### Data extract
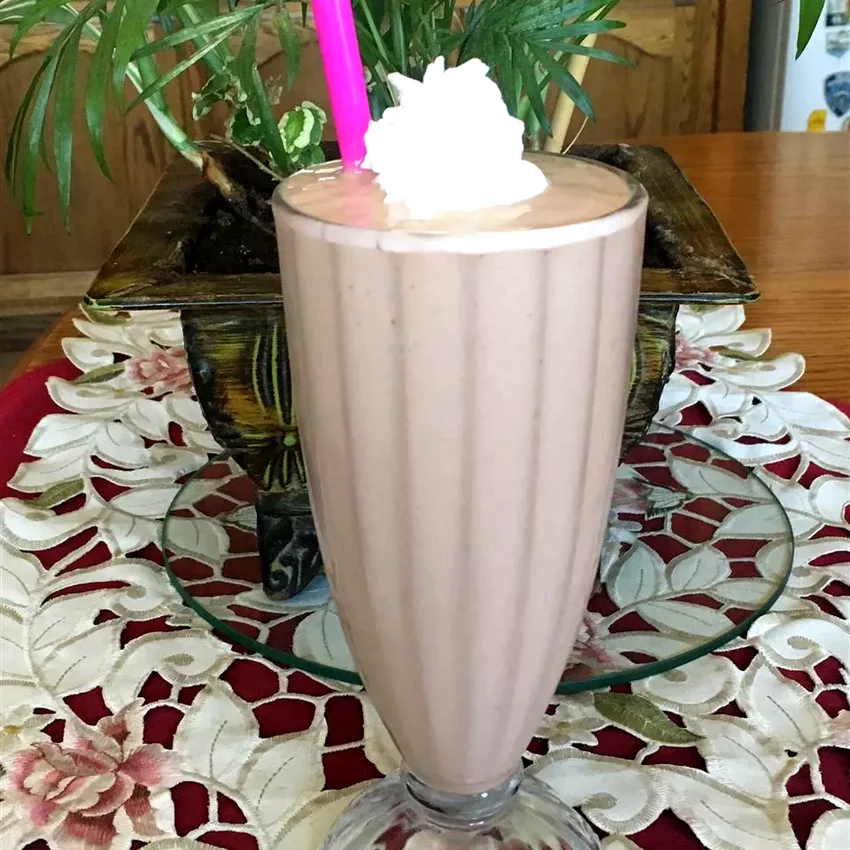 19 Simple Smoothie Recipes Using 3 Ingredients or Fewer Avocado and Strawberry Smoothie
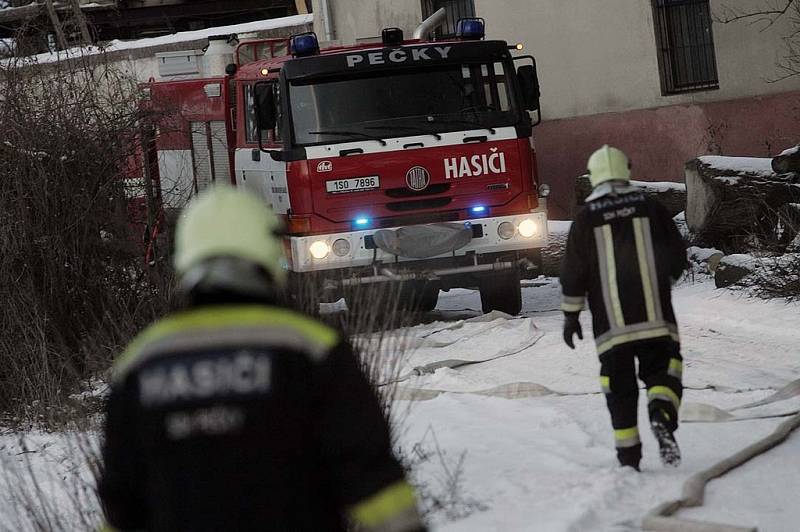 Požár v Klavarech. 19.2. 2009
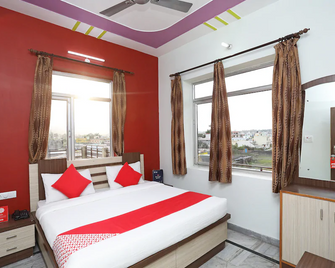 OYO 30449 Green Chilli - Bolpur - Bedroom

### Problem requirements
Give again, word for word, only the lines from the line containing "Požár v Klavarech. 19.2. 2009" through the last line above, both included; leave the pictures out.

### Result of this task
 Požár v Klavarech. 19.2. 2009
 OYO 30449 Green Chilli - Bolpur - Bedroom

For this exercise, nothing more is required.